Я поднялся на террасу их дома и увидел сидящего за чайным столом парня. Он был широк в плечах, коренаст, подстрижен бобриком, с карими, немного сумрачными глазами. Одет он был в полосатую рубашку и широченные штаны-клеш, такие уже мало кто носил. Он курил. Он курил как-то очень знакомо, взахлеб покашливая, — так мог курить только один человек. Я остолбенел.
— Ну, не мне вас знакомить, — сказала Инна.

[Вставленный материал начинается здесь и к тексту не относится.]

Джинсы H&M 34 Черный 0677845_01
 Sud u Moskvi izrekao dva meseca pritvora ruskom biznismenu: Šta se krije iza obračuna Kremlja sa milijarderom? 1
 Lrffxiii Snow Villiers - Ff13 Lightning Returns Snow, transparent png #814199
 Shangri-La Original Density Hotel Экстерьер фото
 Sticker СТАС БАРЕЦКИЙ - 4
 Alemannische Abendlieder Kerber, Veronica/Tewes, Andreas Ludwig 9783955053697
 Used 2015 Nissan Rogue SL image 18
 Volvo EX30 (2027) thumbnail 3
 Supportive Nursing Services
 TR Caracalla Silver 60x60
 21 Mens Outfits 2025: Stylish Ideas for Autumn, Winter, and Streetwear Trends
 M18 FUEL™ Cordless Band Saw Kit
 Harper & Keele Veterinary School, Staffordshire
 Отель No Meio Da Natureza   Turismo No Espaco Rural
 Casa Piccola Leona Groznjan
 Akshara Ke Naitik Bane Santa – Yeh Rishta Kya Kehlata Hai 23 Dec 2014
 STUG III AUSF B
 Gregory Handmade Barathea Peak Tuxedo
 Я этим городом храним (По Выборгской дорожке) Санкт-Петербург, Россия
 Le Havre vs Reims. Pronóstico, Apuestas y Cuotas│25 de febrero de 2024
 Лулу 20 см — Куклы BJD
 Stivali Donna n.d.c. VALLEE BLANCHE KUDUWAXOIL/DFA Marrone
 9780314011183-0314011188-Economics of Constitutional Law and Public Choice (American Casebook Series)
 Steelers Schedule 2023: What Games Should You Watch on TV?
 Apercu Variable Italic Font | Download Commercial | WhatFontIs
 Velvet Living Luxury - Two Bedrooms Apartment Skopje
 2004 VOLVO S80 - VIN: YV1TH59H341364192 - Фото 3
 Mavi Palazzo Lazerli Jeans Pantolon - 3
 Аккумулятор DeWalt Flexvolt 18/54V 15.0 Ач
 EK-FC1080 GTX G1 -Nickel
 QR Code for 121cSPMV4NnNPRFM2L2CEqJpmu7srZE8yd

Я механически, как заведенная кукла, подошел к нему, протянул руку, сказал:
— Здравствуй, Гриша.
Он крепко ее пожал, без всякого удивления, внимательно меня оглядел (будто он ждал меня) и сказал:
— По-моему, изменился мало. Только стал высокий, модный. И в длинных брюках. А длинные брюки тебе идут.
Это была шутка, и полагалось смеяться. Инна и ее мама засмеялись. Но я не засмеялся.
— Ну, уж Гришка скажет! — с восхищением проговорила Инна.
Это была не только шутка. Это было желание снова приблизить меня к тому неумелому слабому мальчику в коротких штанах, который уже давно не существовал.
— Нет, ты ошибаешься, Гриша. По-моему, я изменился. Впрочем, со стороны виднее.
В моих словах, видно, открыто глянула обида, потому что Инна с удивлением посмотрела на меня и поспешно сказала с неожиданной мягкостью:
— Ну, расскажи, как ты, где ты? Нам же с Гришкой интересно.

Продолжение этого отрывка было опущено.